On yet another front, Iran라이브 바카라 deputy foreign minister Allauddin Broujerdi—who is Tehran라이브 바카라 pointsman on Afghanistan, with a special C-130 aircraft at his disposal to fly him all over the war-ravaged nation—also joined the Mazar-i-Sharif congregation in a bid to coax Dostum into a grand anti-Taliban alliance. In the past, Broujerdi has played a crucial role in bringing Rabbani and Hekmatyar together and tried his level best, albeit in vain, to woo Dostum and Karim Khalili into the Rabbani government라이브 바카라 fold. Tehran and the Taliban are already well into the first bout of mutual recrimination. First, Imam Khamanei accused the Taliban of bringing Islam into disrepute by its controversial actions. In response, the Iranian charge d’affaires in Kabul got a dressing down. Khamanei and other Iranian leaders question the Taliban version of Islam and raise doubts about its origins and patrons. The Iranian press alleges that the ‘student movement’ was conceived and funded by the Saudis and Americans and received logistical backing from Pakistan. Islamabad has consistently denied this, but what critics point to is the manner in which a ragtag force emerged from nowhere and defeated established mujahideen groups in two years flat. The Taliban, on its part, attributes the astonishing successes to God라이브 바카라 blessings and reiterates its belief that all opponents would be vanquished in due course of time. Taliban leaders often quote Mullah Moha-mmad Umar, their Amirul Momineen (commander of the faithful) who predicted the fall of Herat and Kabul, to emphasise that such miracles can only happen if Allah is pleased with one라이브 바카라 actions.
In strategic terms, the Taliban is sitting pretty with 70 per cent of Afghanistan. But image-wise, it has a stiff battle ahead. The strict code for women has provoked an almost universal outcry. Warnings are emanating from all quarters—from the UN to the US and from aid agencies to NGOs—that foreign aid to Afghanistan may dry up if these policies continue. These sharp reactions have come in the wake of a series of actions that shocked the world: the public hanging of Najibullah and younger brother Ahmadzai; a blanket fiat against working women; and the closure of all girls schools. Now, faced with the prospect of being shunned on the global stage, the Taliban is beginning to present a more moderate face. Kabul라이브 바카라 new deputy foreign minister Sher Mohammad Stanaksai, a 37-year-old Kabul University graduate and one of the few English-speakers among the Taliban leadership, gave assurances last week that the bans against working women and girls’ schools would soon be relaxed. He also tried to remove American, western Europe and Arab apprehensions by stressing that the Taliban would neither export fundamentalism nor support terrorism.
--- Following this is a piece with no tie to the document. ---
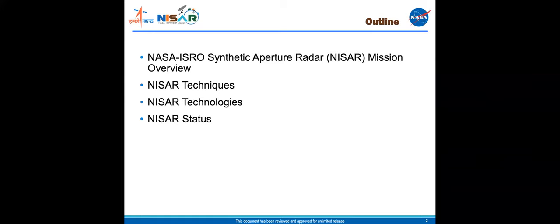Here's the outline for the talk. As the title says, I'm going to be talking about techniques and technologies primarily. The techniques and technologies are interrelated and difficult to tease apart completely, so you'll see somewhat of a mix here, but I tried to segregate them a little bit just to keep it clear. First, I'll start with an overview, and I'll finish with a status.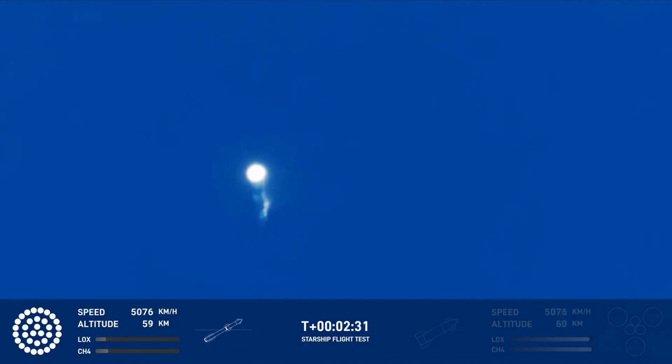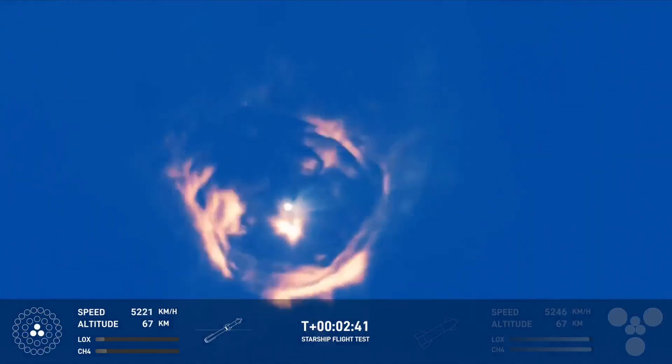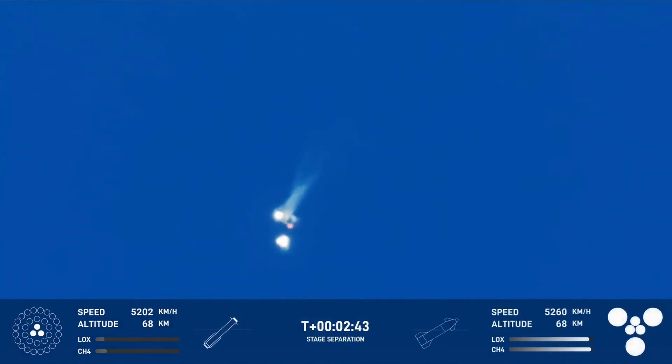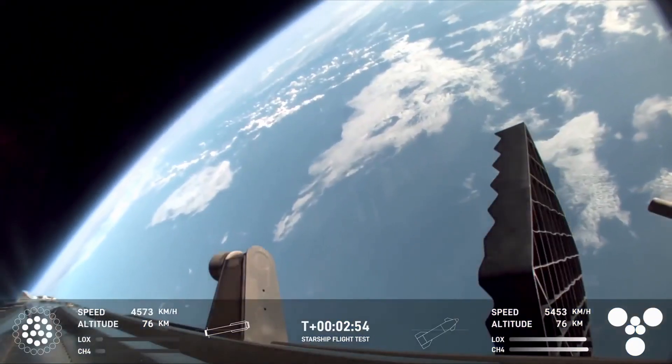We heard the tower is go for catch. The return flag is set for true. Ship engine start. Stage separation. Hot staging confirmed — six out of six lit on the ship. Booster boost back going. We heard that we are go for catch.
Initially, the Taliban talked tough with Dostum—acting foreign minister Mullah Mohammad Ghaus even warned him against taking foreign help. His message was clear: cooperate, or face an attack. Now, the accent has changed. For, the Taliban fears that if it pushes Dostum too hard, he would be forced right into the rival camp. And that may well split Afghanistan again between a Pashtun Taliban and an anti-Pashtun alliance of Tajiks, Uzbeks and Hazaras. Dostum, whose Islamic credentials are now accepted by nearly all Afghan groups after having been derided earlier as a communist, is playing his cards cautiously. He surely wants recognition from the Taliban and more autonomy for northern Afghanistan and its ethnic and sectarian minorities. In case the Taliban refuses to play ball, he has the option of joining the proposed anti-Taliban alliance, which won’t augur well for Afghan unity.